Records from a collection
---*---

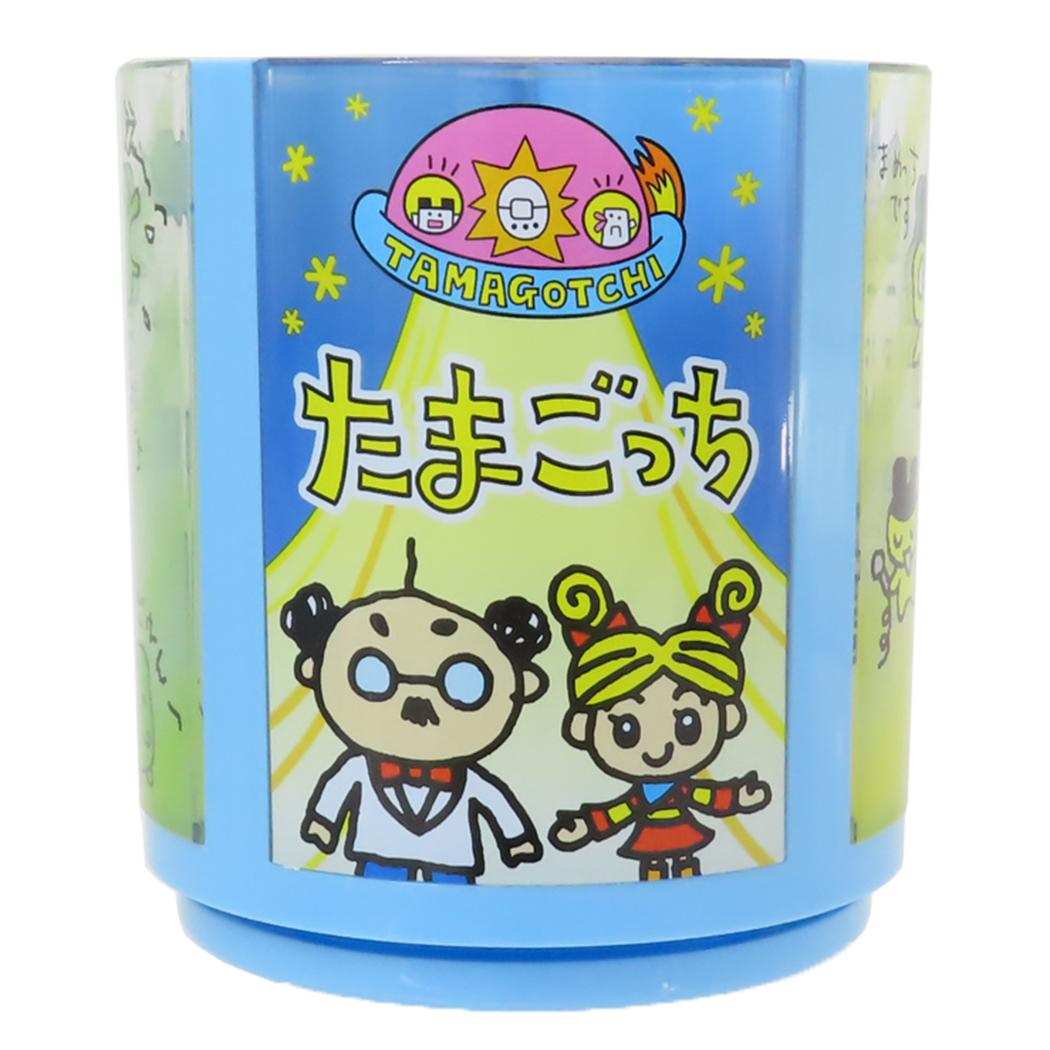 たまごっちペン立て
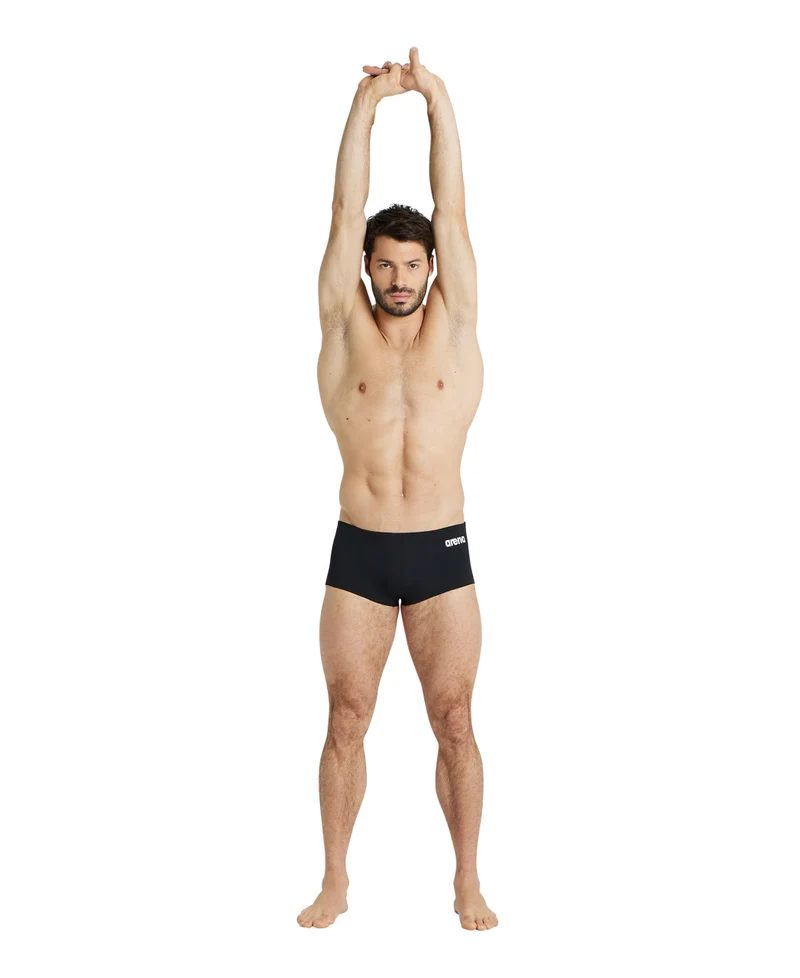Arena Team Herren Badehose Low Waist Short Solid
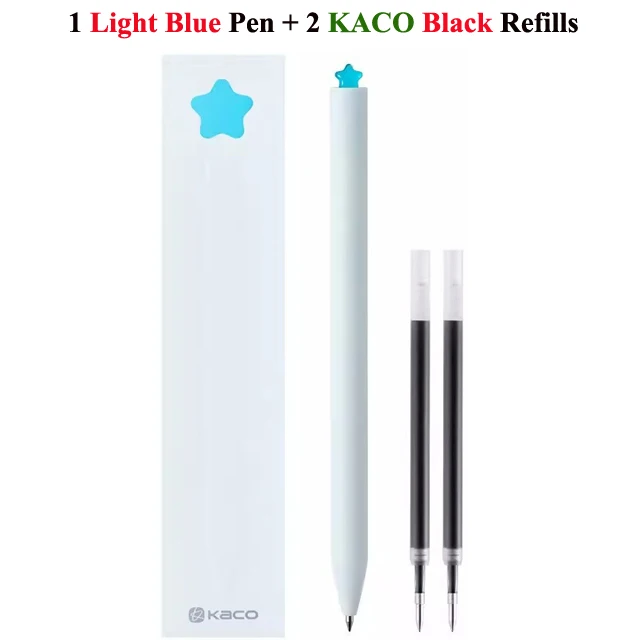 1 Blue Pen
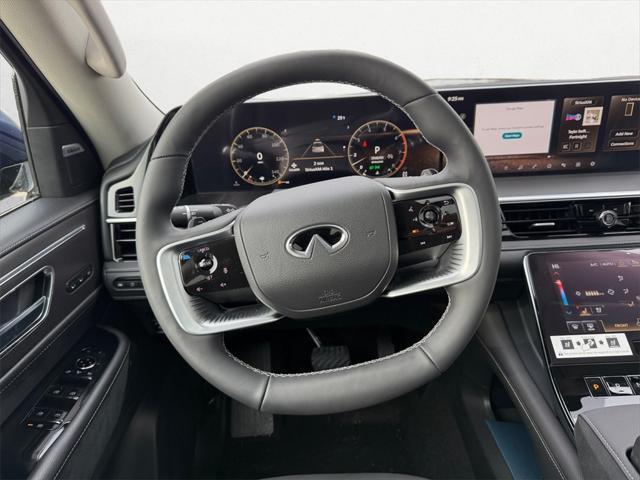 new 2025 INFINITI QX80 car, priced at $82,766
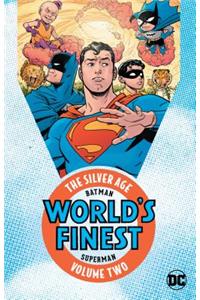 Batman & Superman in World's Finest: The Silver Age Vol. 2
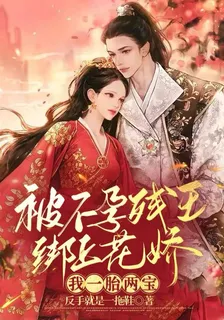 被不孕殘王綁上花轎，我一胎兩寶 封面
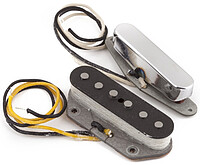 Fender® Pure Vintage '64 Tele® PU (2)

---*---

**PROBLEM STATEMENT:** Transcribe every entry above exactly. Omit all pictures.

**ANSWER TO THIS TASK:**
 たまごっちペン立て
Arena Team Herren Badehose Low Waist Short Solid
 1 Blue Pen
 new 2025 INFINITI QX80 car, priced at $82,766
 Batman & Superman in World's Finest: The Silver Age Vol. 2
 被不孕殘王綁上花轎，我一胎兩寶 封面
 Fender® Pure Vintage '64 Tele® PU (2)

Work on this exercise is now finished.